Other factors that should be examined as contributing to this disconnect include:

  • Financial constraints. At the beginning of the contamination event, it was difficult to see where the tremendous sum of money required to ensure that clean water would flow to Pascoag and to remediate the contaminated site would come from. Agencies were understandably reluctant to commit large sums of money, and the small size of the water supplier dictated that the PUD would not have the financial resources necessary to deal with contamination of this magnitude. Financial conservatism also contributed to the choice of the temporary, smaller carbon filtration system-officials didn't know if the system would be effective, so they purchased the less expensive alternative. In short, state officials said that they did not have a "big bag of money" to spend on Pascoag. Residents, however, assumed that the state would have the funding or the means to get the funding to deal with the situation.
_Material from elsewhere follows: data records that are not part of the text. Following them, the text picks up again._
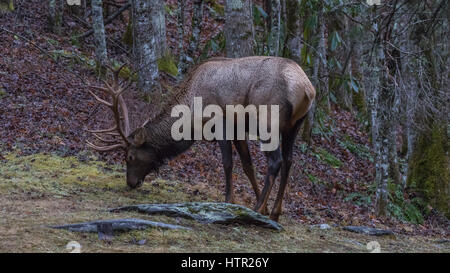 Elk (Cervus elaphus) mangiare, Cataloochee Valley, Great Smoky Mountains National Park, North Carolina, STATI UNITI D'AMERICA Foto Stock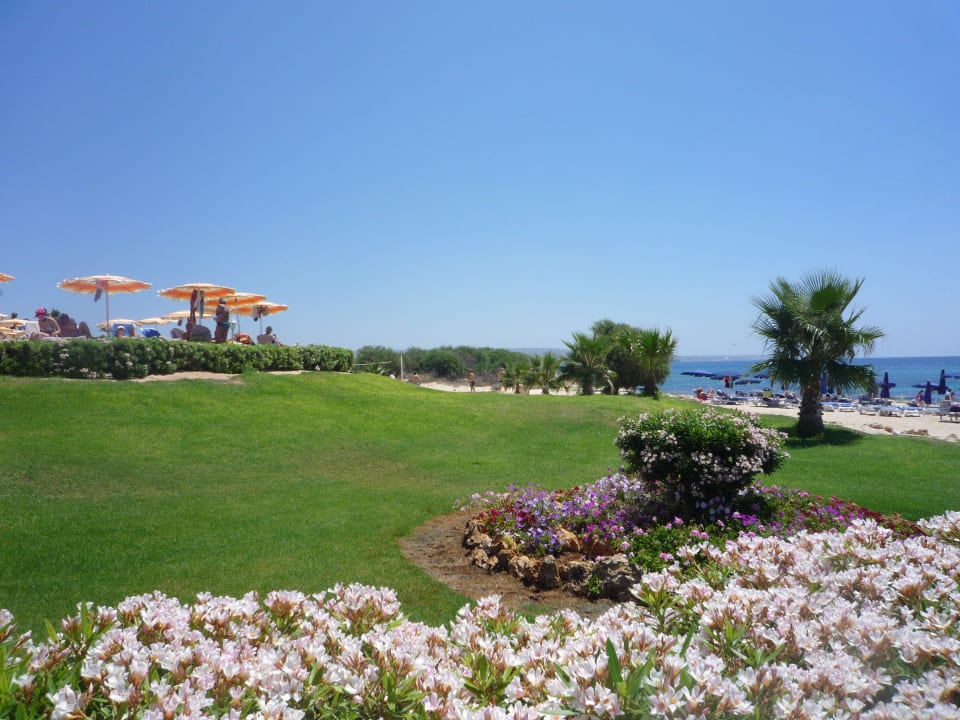 Gartenanlage Asterias Beach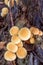 Honey fungus Armillaria mellea, as seen from above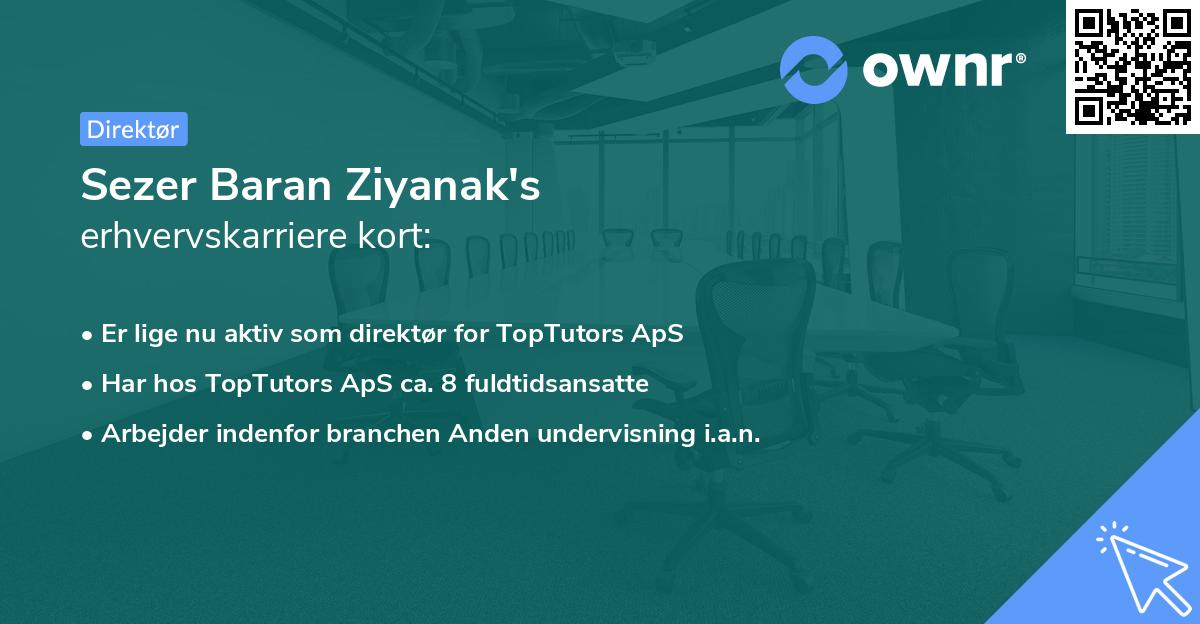 Sezer Baran Ziyanak's erhvervskarriere kort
  • State vs. local politics. At the local level, citizens and officials expressed the understanding that with a problem this big and this expensive, the state and state agencies would play a major role in dealing with the event. However, officials at the state level almost unanimously viewed contamination events as being under the jurisdiction of the water supplier. This view does not mean that these agencies did not play a major role in dealing with the Pascoag contamination; it means that they often viewed themselves as going "beyond the call of duty" in the time, effort, and financial resources they contributed to dealing with the problem. State agencies were also concerned with the precedent that would be set if state funding went to "bail out" a private non-profit corporation that serves only its ratepayers (the PUD).
  • Organizational cultures.The state agencies who dealt with the contamination are regulatory agencies, and they perceive their mission as regulators in a strict sense: we heard mention of the "mandate" of the various agencies, and the inability to act outside that proscribed mandate. Their organizational culture confined their activities to those for which precedent had been set and for which agency policies had been clearly defined.

How disconnect altered actions and behaviors
Residents did not understand officials' actions, and officials did not understand residents' perceptions of them. Since neither side understood the other, trust and confidence eroded. Many residents explicitly stated that they no longer trust many public officials. This was also expressed in their reported water uses: in April, at the time of our interviews, 67% of respondents were still not drinking the town water.